Sergei et Julia Skripal

L’OIAC avait envoyé des échantillons de sang des Skripals au laboratoire Spiez, en Suisse, qui a tracé du BZ, un psychotrope 25 fois plus puissant que le LSD. L’OIAC a caché ce fait dans ses rapports.

Une attaque au BZ contre les Skripals correspondrait aux symptômes observés et décrits par les témoins de la scène. Les Skripals hallucinaient effectivement et se comportaient de manière très étrange, Sergei Skipal levant les bras vers le ciel alors qu’il était assis sur un banc. L’exposition au BZ expliquerait aussi la survie des Skripals.

L’OIAC a expliqué la découverte de BZ en affirmant qu’elle en avait inséré au milieu des échantillons pour tester le laboratoire. Quelque chose que l’organisation déclare faire régulièrement. À l’époque, je croyais encore en l’OIAC et j’ai trouvé cette explication raisonnable :

« L’OIAC a répondu à la question russe concernant le BZ et le taux élevé de A-234 rapporté par le laboratoire Spiez.

L’OIAC a déclaré aujourd’hui qu’il s’agissait d’un test de contrôle du laboratoire. Ces tests sont régulièrement glissés dans les échantillons réels pour s’assurer que les laboratoires utilisés par l’OIAC sont en mesure de faire leur travail et ne manipulent pas leurs résultats.

Cette explication est raisonnable.

Je suppose que nous pouvons arrêter les théories sur le BZ et revenir à l’empoisonnement alimentaire comme cause la plus probable de la maladie des Skripal ».

Compte tenu de la manipulation ou de la suppression par la direction de l’OIAC des rapports de ses propres spécialistes dans le but d’attribuer l’incident de Douma au gouvernement syrien, je dois changer d’avis. Par la présente, je rétracte mon acceptation antérieure de l’explication de l’OIAC dans l’affaire Skripal.

Comme nous savons maintenant que la direction de l’OIAC manipule les rapports à volonté, nous ne pouvons plus accepter l’excuse du « test de contrôle » sans explications ni preuves supplémentaires.

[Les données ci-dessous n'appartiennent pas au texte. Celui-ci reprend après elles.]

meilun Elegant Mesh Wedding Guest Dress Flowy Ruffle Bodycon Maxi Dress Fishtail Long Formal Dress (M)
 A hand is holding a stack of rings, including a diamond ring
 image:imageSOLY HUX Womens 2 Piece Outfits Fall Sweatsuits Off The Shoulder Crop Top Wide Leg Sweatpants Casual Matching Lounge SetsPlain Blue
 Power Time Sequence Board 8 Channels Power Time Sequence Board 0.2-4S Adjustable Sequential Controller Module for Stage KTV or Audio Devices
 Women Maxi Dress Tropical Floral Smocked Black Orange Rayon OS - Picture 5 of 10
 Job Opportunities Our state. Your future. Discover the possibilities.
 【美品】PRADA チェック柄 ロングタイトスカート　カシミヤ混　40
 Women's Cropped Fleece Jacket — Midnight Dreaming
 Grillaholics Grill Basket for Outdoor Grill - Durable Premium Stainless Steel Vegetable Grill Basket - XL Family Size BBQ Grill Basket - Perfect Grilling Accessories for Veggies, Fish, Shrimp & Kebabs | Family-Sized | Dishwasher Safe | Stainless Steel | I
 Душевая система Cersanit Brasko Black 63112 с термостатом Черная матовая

Voici ce qui semble s’être passé.

L’OIAC n’a pas envoyé d’échantillon de contrôle à Spiez pour tester le laboratoire. Il a envoyé les échantillons originaux des Skripals. Spiez a trouvé du BZ et l’a rapporté à l’OIAC. L’OIAC a supprimé les résultats de Spiez dans ses propres rapports. D’une manière ou d’une autre, la Russie a eu vent des résultats de Spiez et a exposé la manipulation.

Prendre conscience du fait que les Skripals ont été « drogués » et non « novichokés » est important pour l’affaire Skripal. Cela rend beaucoup plus plausible que l’affaire Skripal soit une opération britannique visant à empêcher le retour de Sergei Skripal en Russie.